▸ BRIEF:
Without the pictures, print the lines from the one holding "Универсал Renault Megane 2018 в Дубно" through the last line below, both included, exactly as they stand.

▸ DATA BELOW:
......
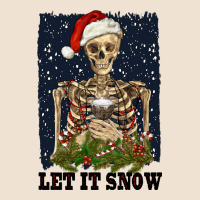 Let It Snow Urban Heavy Tee | Teevron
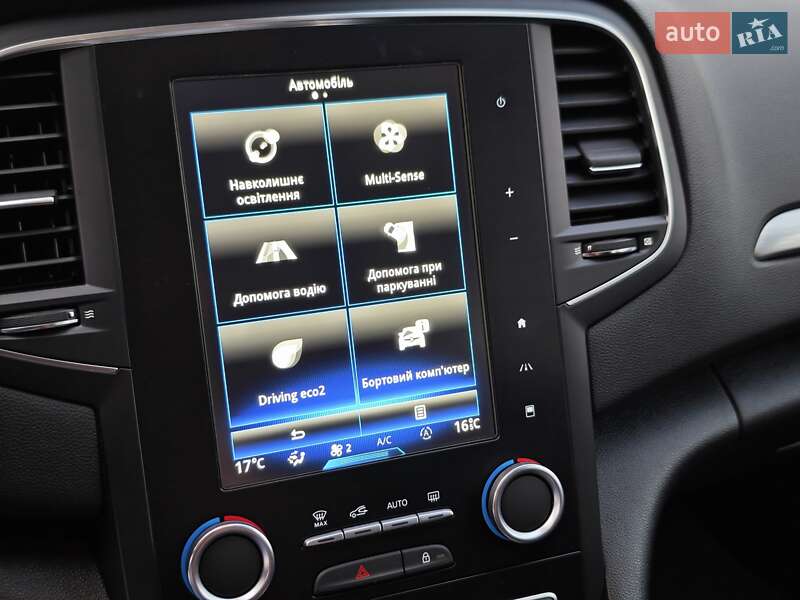 Универсал Renault Megane 2018 в Дубно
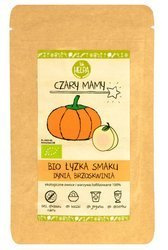 HELPA BIO Czary Mamy Łyżka Smaku Dynia Brzoskwinia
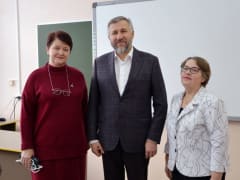 Школы Владимирской области принимают участие в проекте «Центр развития семьи»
......
▸ EXERCISE SOLUTION:
 Универсал Renault Megane 2018 в Дубно
 HELPA BIO Czary Mamy Łyżka Smaku Dynia Brzoskwinia
 Школы Владимирской области принимают участие в проекте «Центр развития семьи»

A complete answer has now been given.